LAHORE - The average gross margins of refineries have come down by about 20 percent to around $4.5-$5 per barrel from $6 per barrel so far in the second quarter of the fiscal year 2011, compared to the first quarter, it was learnt on Thursday. If the rising crude oil price of $85 per barrel is continued to stay the margin is expected to reduce further to $3.5-4 per barrel. Experts said that the decline in margins is primarily due to increase in negative margin on furnace oil from negative $3 per barrel to negative approximately $ 4 per barrel. According to experts, the average gross refinery margin is actually the spread between crude oil price and product price, which determines the profitability trend in any particular period after taking into account the product mix of local refineries. According to them, the latest August production numbers show that there is not much variation in production data of different quarters. They said that if refining cost is included, which usually remains almost constant throughout all quarters, the net refining margins so far in 2QFY11 would be around $2.5 per barrel. They were of the view that the current margin of $4.5-5 per barrel is still at par with average margins of $4-4.5 per barrel during last four quarters. However, if it is compared only with last quarter (July-Sep) the GRM is down by 15-20 percent from $6 per barrel to $4.5-5 per barrel. Though margins are expected to remain lower than last quarter, 2QFY11 earnings are expected to remain robust for few refineries specially ATRL, said Farhan Mehmood, an energy expert.

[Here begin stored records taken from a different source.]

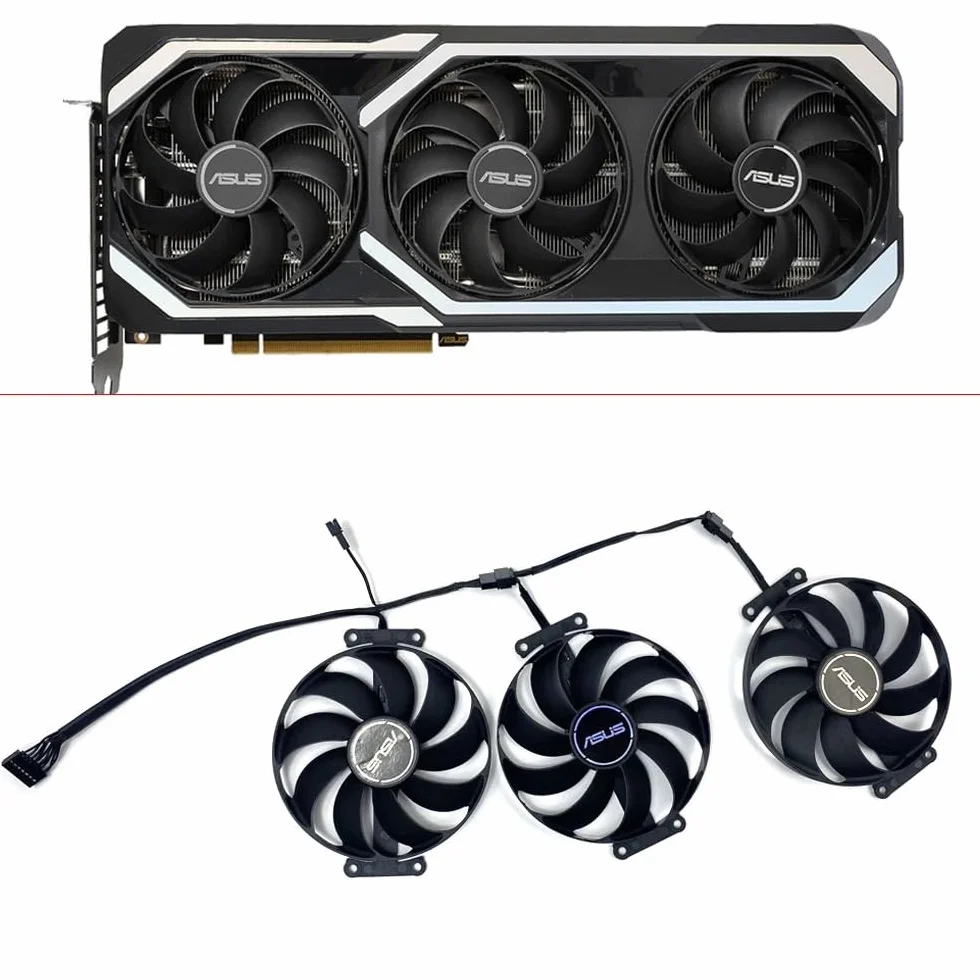 90 mm CF9010U12D CF1010U12S T129215BU 7PIN RTX3070 GPU Cooler dla ASUS dla Geforce RTX 3070 3060 Ti Megalodon wentylator do gier części laptopa (ABC)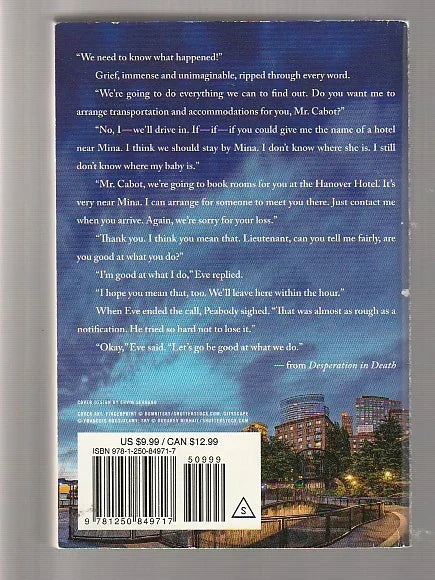 Desperation In Death crime Crime Fiction Crime Thriller futuristic murder mystery mystery mystery thriller paperback Romance Romantic Suspense Sci-Fi Mystery Suspense used Books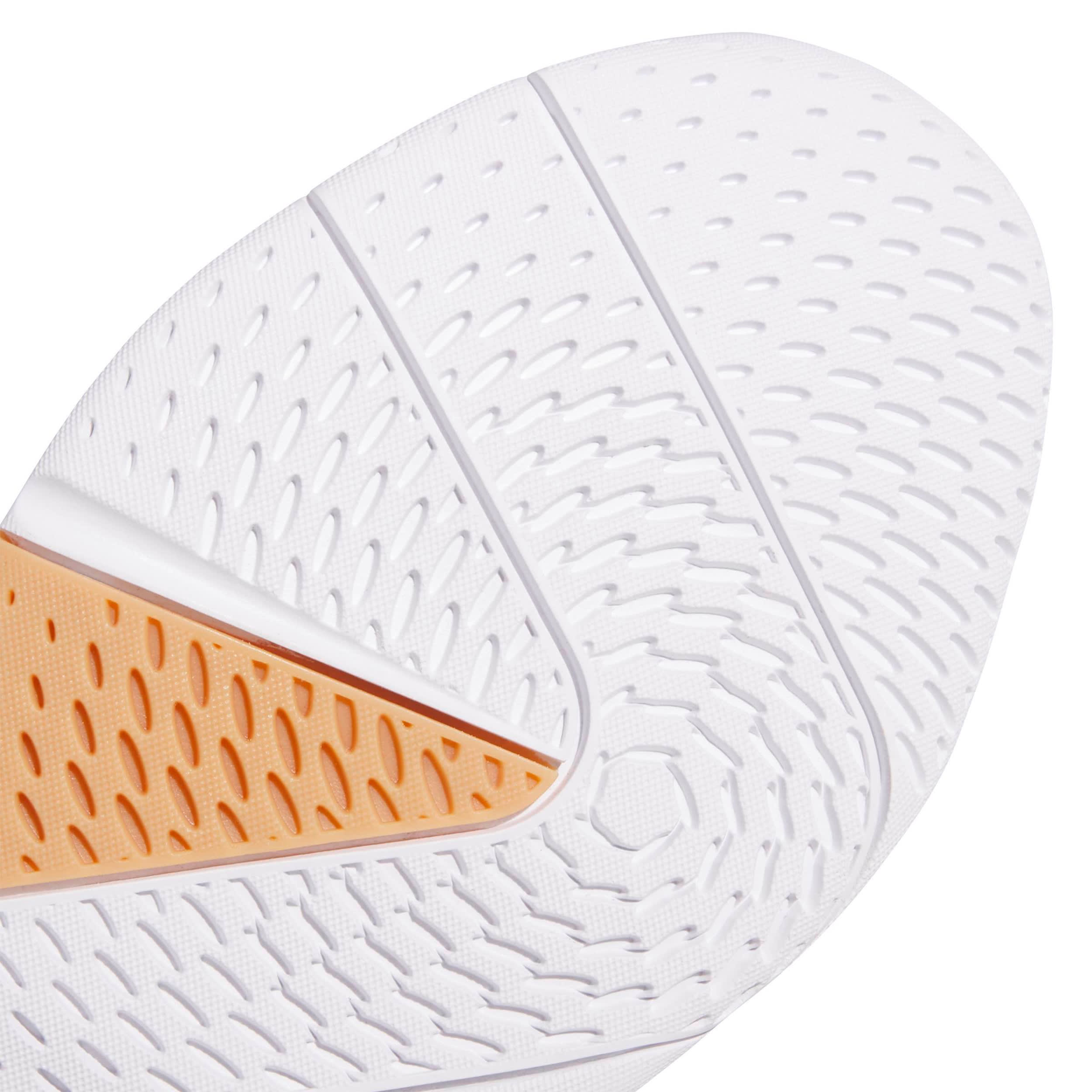 ADIDAS-WOMENS LIGRA 8 TRAINING SHOES-WHITE & BLACK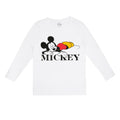 White-Black - Side - Disney Womens-Ladies Snooze Mickey Mouse Long Pyjama Set
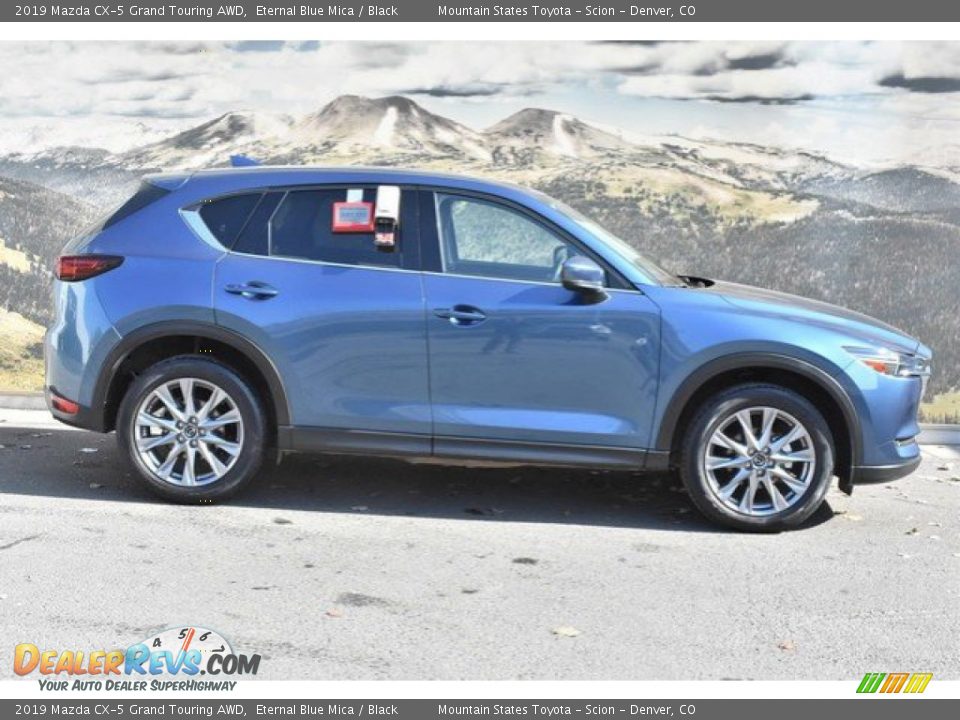 2019 Mazda CX-5 Grand Touring AWD Eternal Blue Mica / Black Photo #2
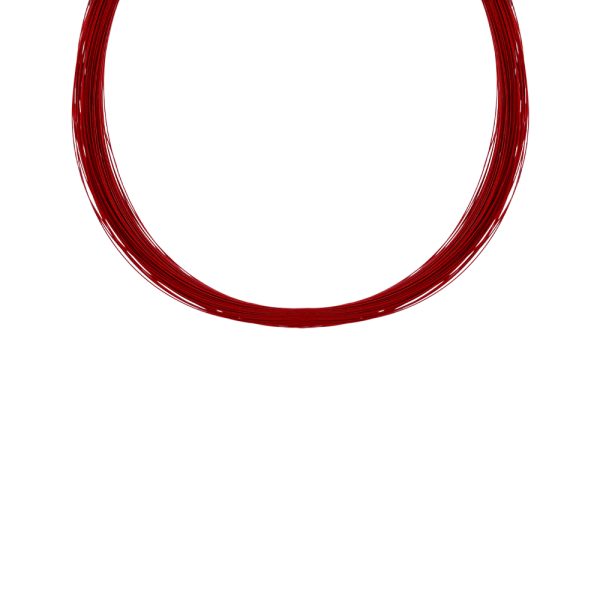 Κολιέ Oxette από σύρμα με ατσάλινο κούμπωμα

He expected ATRLs fuel business to post earnings of Rs2-3 per share in 2QFY11 whereas contribution from non-refinery income could be some where around Rs9-10 per share. This translates into 1HFY11 earnings of around Rs18-19 per share, assuming crude prices to stay at these levels, he added. The non-refinery income includes the realization of final dividends from NRL and APL while the impact of Rs1.5-2 per share likely from Attock Gen dividend. Salman Abduhoo On the other hand, NRL will continue to benefit from higher margins lube business. The companys lube business on an average contributed Rs8-10 per share to the quarterly earnings in last 1 year.